Aunque la demanda de artesanías era escasa, las compras de los turistas de Buenos Aires que de vez en cuando llegaban en grandes colectivos le bastaban para subsistir. Gracias a sus primeros ingresos, Roger y su ex esposa lograron levantar su pequeña casa. Él mismo se encargó de poner el adobe, los troncos, las tejas y las piedras para crear su hogar con impronta de Zurich.

“Al principio era bien chiquita; después la fuimos ampliando. En esa época no había ni agua ni electricidad”, relata. Los hechos a la vista avalan las palabras: el techo negro de la cocina muestra que el fuego para cocinar se hacía adentro de la casa y el pozo que Hamburger cavó en el jardín prueba que las cañerías son relativamente recientes.

Aunque su pasado parece duro, el artesano asegura que lo disfrutó. “Invitábamos gente a la casa e intercambiábamos información del mundo con los viajeros”, explica (claro, no había Internet ni radio). Y añade: “siempre invitábamos a mochileros, que venían acá en vez de ir al camping. Los trotamundos son piolas, te ayudan con la casa. Es lindo”.

En esa época Hamburger y todos los tafinistos se movían a caballo o a pie. “Había sólo dos taxis. Uno de ellos, el de don Aurelio, llevaba a los chicos a la escuela. Había que ir a buscarlos a la casa porque tampoco disponíamos de teléfono”, expresa.

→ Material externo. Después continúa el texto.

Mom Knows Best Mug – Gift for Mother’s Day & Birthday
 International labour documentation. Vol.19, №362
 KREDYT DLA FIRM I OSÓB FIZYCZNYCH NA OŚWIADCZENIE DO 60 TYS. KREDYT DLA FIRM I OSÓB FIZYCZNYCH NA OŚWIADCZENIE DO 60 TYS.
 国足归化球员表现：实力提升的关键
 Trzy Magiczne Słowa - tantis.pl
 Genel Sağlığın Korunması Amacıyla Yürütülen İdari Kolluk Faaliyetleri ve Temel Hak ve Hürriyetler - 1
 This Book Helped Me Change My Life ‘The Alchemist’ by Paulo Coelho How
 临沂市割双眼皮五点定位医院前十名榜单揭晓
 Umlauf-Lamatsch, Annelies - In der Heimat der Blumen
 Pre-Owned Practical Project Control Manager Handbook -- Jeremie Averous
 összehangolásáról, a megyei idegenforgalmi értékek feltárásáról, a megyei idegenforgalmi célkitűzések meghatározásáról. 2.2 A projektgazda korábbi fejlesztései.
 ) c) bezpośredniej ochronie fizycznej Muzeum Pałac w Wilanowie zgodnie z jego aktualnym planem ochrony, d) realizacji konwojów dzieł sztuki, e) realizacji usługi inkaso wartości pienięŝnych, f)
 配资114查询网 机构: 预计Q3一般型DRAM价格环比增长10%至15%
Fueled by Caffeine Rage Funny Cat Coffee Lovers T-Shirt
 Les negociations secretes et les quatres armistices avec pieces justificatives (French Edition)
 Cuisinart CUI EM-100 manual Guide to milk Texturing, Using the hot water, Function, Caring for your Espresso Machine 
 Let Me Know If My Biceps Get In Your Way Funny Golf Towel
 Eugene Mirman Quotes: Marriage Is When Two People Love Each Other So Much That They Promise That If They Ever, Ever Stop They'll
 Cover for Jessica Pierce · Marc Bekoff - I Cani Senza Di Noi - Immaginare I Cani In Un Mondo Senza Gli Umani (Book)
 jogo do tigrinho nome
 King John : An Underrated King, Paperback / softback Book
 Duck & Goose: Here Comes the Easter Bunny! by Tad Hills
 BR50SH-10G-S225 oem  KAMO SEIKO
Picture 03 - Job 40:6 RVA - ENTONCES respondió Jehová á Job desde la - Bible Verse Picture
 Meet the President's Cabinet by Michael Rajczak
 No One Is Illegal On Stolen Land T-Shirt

Después, la familia se agrandó y Hamburger decidió ampliar el negocio. Entonces abrió un local en la avenida Perón, donde ahora está Popey, al que llamó La esquina Suiza. Gracias a ese negocio, que permaneció abierto 15 años, educó a sus cuatro hijos. Dos de ellos hicieron el camino inverso y se mudaron a Suiza. “Lunita”, su única hija mujer, abrió el café Flor de Sauco, donde pone en práctica el talento para la cocina que heredó de su padre (los jueves, Flor de Sauco ofrece el 20% de descuento con el Club LA GACETA).

En el terreno de Hamburger hay plantas de especias, una pequeña huerta, gallinas y un cordero. Ahí tiene casi todo lo que necesita, por lo que no necesita bajar seguido a la villa, que, según observó, crece desproporcionadamente. “Aumenta la gente, pero no la infraestructura”, dice sin quejarse. “Yo ya puedo pisar el freno y disfrutar”, agrega. Esta vez es el silencio es el que avala sus palabras.